The story’s failure of imagination is, however, precisely what makes its retelling by Victor LaValle so worthwhile. His attitude toward tradition—both that of modernity and that of Lovecraft himself—is one of ambivalence. The text’s dedication spells this out: “For H.P. Lovecraft, with all my conflicted feelings.” The Ballad of Black Tom is a work of inversion; it functions by taking what is nihilistic about “The Horror at Red Hook” and making it liberating. This is most clear in two changes LaValle effects: the inclusion of Tommy Tester (who is not in the original) and the transformation of the nature and role of magic.

We first meet the “Black Tom” of the title under his given name: Charles Thomas “Tommy” Tester. The narrator identifies Tommy with 1920s Harlem, a hub of Black culture. He is African-American, a shabby street musician who can barely play; his primary aim is supporting his middle-aged father, Otis, whose body has been broken by a lifetime of manual labor and chronic under-payment on account of his race. His best friend is Buckeye, a Caribbean immigrant who comes to America seeking a better life, only to discover “what Otis Tester had long known: Negroes had no protection” (27). We follow Tommy as he transitions from this constantly bothered and oppressed version of himself into Black Tom, a sort of mage, a practitioner of the dark arts as imagined by Lovecraft.

In this sense, magic, in LaValle’s story, is a double-edged sword. Early in the novella, our protagonist brings a woman named Ma Att a “book, no larger than the palm of Tommy’s hand” (14). This book, we later learn, is “The Supreme Alphabet,” a text so powerful, so literally dark that “even glancing contact with daylight had set [...it...] on fire” (15). The narrator puts the tone of this meeting very directly: “[m]ystery lingered in the air like the scent of scorched book” (15). Magic, in other words, remains foreign and volatile in LaValle’s world. It differs from that in Lovecraft’s story, however, in its potential for liberatory transformation. By the end of the novella, Tommy Tester is working with Robert Suydam, the villain from “The Horror at Red Hook,” the white man whose rational mind might transform the ancient knowledge of ignorant peoples. How does he end up becoming “Black Tom”?
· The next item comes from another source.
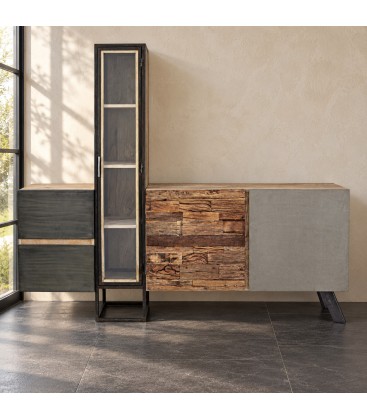 Credenza 2 ante e 2 cassetti Manchester con struttura in legno di mango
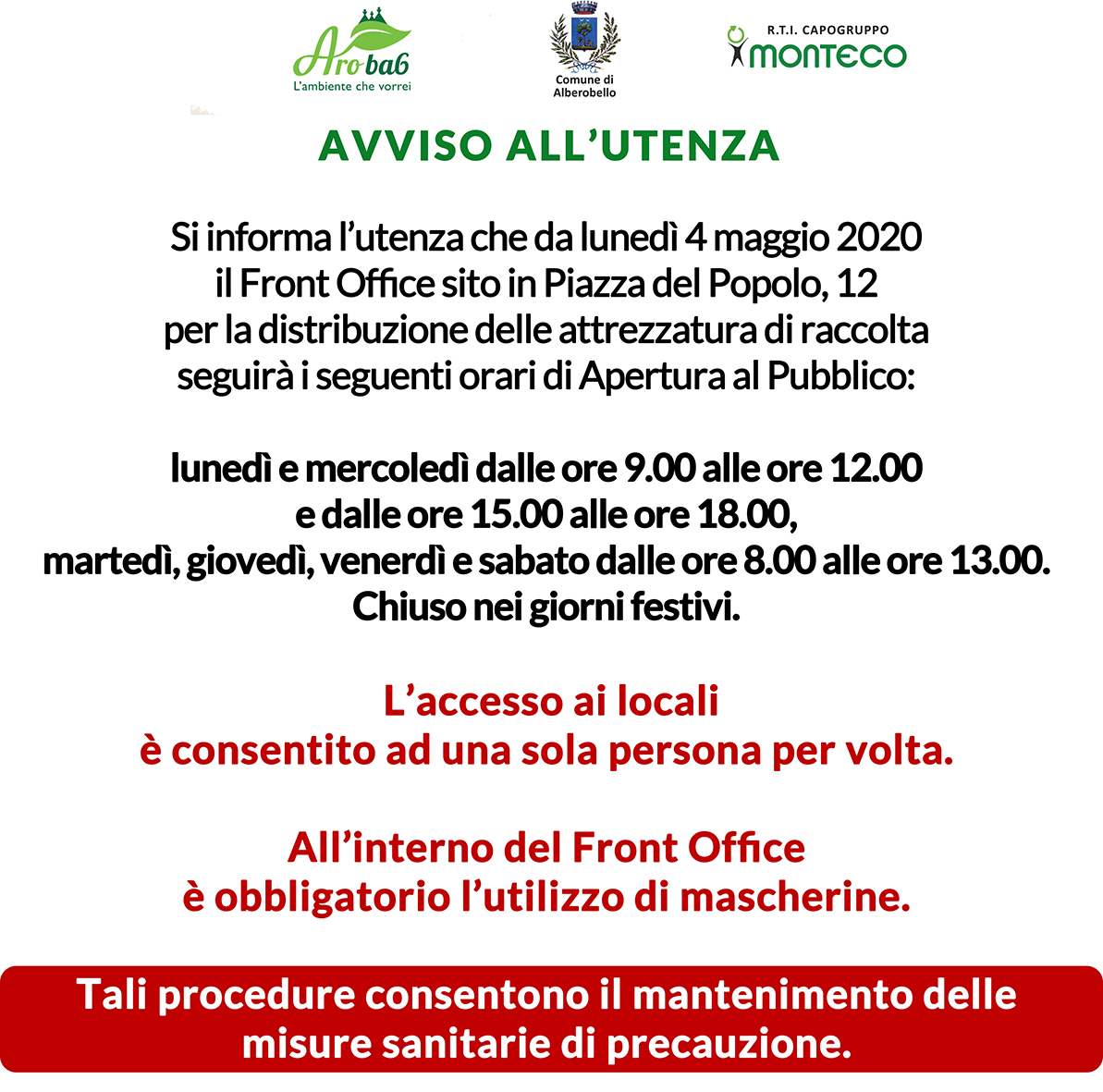Alberobello. Riapertura Front Office per la distribuzione delle attrezzature di raccolta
At first, Tester is afraid to go out into Queens (where Ma Att and Suydam live) too late at night. He knows that, as a Black man, his presence will be suspect; he knows that he risks bodily harm if he stays out. This all changes, however, when a cop and a private detective kill his father. These men have seen Tommy with Suydam, whom they are investigating; this leads them to tail him, and eventually go to his apartment, where his father lives. They burst in late at night and gun the ailing, sick man down, claiming he was going for a weapon (when he had none). Our protagonist reflects:

Charles Thomas Tester had a sudden flash, an image of his father, half asleep, looking up to find some white man at the doorway in the semidark. What did Otis Tester think at the moment? Was there time, at least, to picture his loving wife or the son who’d worshipped him? Was there time for a breath, an exclamation? Time for a prayer? Maybe better to imagine Otis never woke up. That made it easier on Tommy, at least. (65)

This is his breaking point. He has already seen his father’s tough, muscled body broken by years of under-valued labor, used up by a society that doesn’t care. Now that society has killed him with impunity, all because Tommy himself was seen in Queens talking to a white man, Suydam. At this second, Tommy Tester begins to become Black Tom. He goes to Suydam’s house, is introduced to magic more directly, and begins to take on powers for himself, aiding his rich patron as he brings together the huddled immigrant masses of Red Hook.

Magic thus becomes a means of empowerment. LaValle, however, does not leave things there; the enchantment of the world remains—like the fairies in the Wife of Bath’s Tale or the nymphs of Greek mythology—complicated, dangerous, and other. At the end of the novella, there is a showdown between the now-powerful Black Tom, Thomas Malone (the protagonist of the Lovecraft story), and Robert Suydam. Tom turns on his patron and disfigures the detective: “‘I bear a hell within me,’ Black Tom growled. ‘And finding myself unsympathized with, wished to tear up the trees, spread havoc and destruction around me, and then to have sat down and enjoyed the ruins’” (130). Changed by his experiences, transformed by magic, Tommy, now Black Tom, remarks, just as the tale ends: “I wish I’d been more like my father [...] He didn’t have much, but he never lost his soul” (148).

Arcane knowledge, in other words, becomes a way of offering liberation to the voiceless hordes of Lovecraft’s original story. It never, however, loses its destructive quality. LaValle adds Black Tom to reclaim non-white people from Lovecraft’s WASPy grasp. In doing so, he refuses to make the world’s enchantment something simple or easy, something merely freeing; rather,
he suggests that, while liberation is possible, it can be done in such a way that it destroys identity, demolishes who one is. Put otherwise, in LaValle’s retelling Lovecraftian tradition is stretched and pulled, made socially salient, but never made totally anew.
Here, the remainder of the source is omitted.